» What is required:
The result should be the full listing copied exactly, with no pictures in it.

» The data:

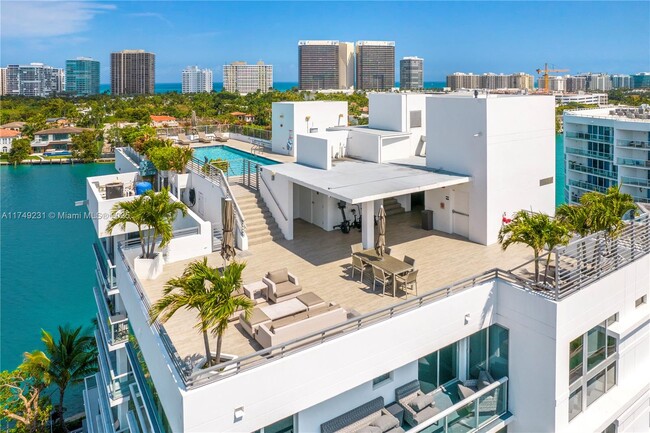 9901 E Bay Harbor Dr in Bay Harbor Islands, FL - Foto de edificio - Building Photo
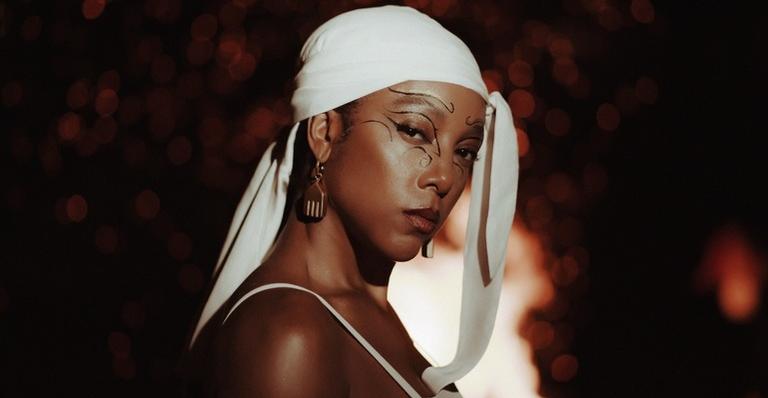 Negra Li lança música inspirada em sua história: ”Salve ao meu passado e um brinde ao futuro”
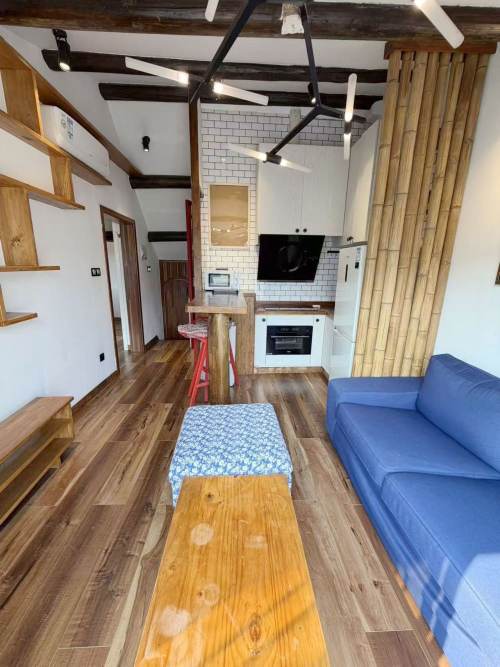 Housing image — Living Room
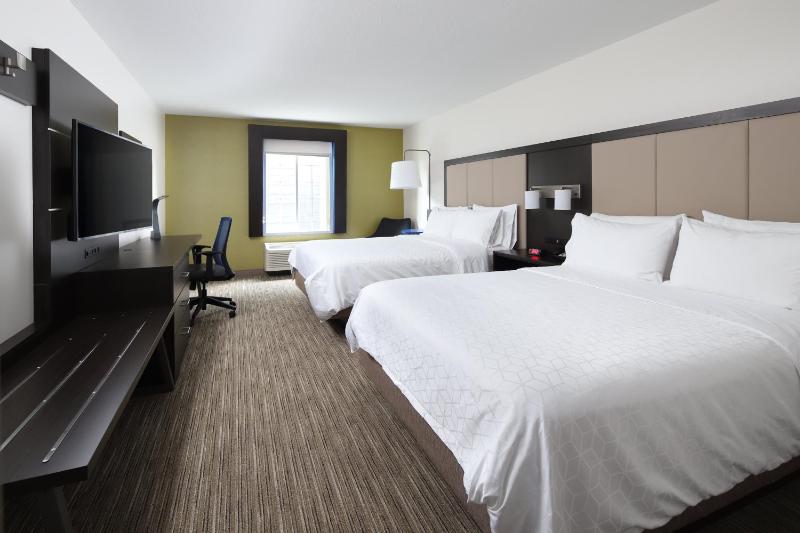 One-Bedroom Suite with Two Queen Beds image 3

» Answer to the problem:
 9901 E Bay Harbor Dr in Bay Harbor Islands, FL - Foto de edificio - Building Photo
 Negra Li lança música inspirada em sua história: ”Salve ao meu passado e um brinde ao futuro”
 Housing image — Living Room
 One-Bedroom Suite with Two Queen Beds image 3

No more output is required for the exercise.